It was called something like “The Spirit of '76”, and aired in 1976, or possibly 1975. Each episode was thirty minutes long, live action, and featured stories and songs about the American Revolution by the narrator, who was a man with a folk singer’s voice. He played a guitar or banjo. I still remember the theme song’s lyrics:
“You know the high road to freedom was a hard road to travel.
Plenty of times we wound up in a fix.
But we kept on a-growin’
What kept us goin’?
The Spirit of '76.”
I Googled it recently, checked YouTube, looked on Saturday morning TV schedules (I’m almost positive it aired at noon on Saturdays, though I don’t remember the network) and got nothing. I looked up Bicentennial TV shows and got nowhere. It wasn’t the Bicentennial minutes.

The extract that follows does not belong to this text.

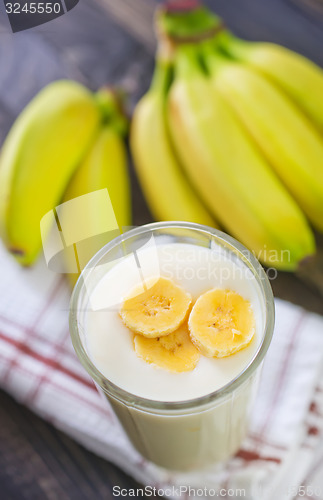 Image of banana yogurt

Yeah, I remember that show. Saturday morning TV was a staple of mine growing up in the 70s. Although I don’t think it aired on PBS it was mostly educational and boring so I never watched it much. The title was sort of a pun, because the host/guy was supposed to be a ghost (or ‘spirit’) from colonial times. Had the puffy shirt & tri-corner hat. He would dissolve in & out at the beginning & end of each episode while singing. Silly Bicentennial-educational kid’s stuff.
Yes I have seen this show as a kid. But I would watch it prior to the Saturday morning cartoons on the main stations CBS and NBC. Then it reran on the independent affiliate (local) stations.
I would like to get the whole series on any type of media.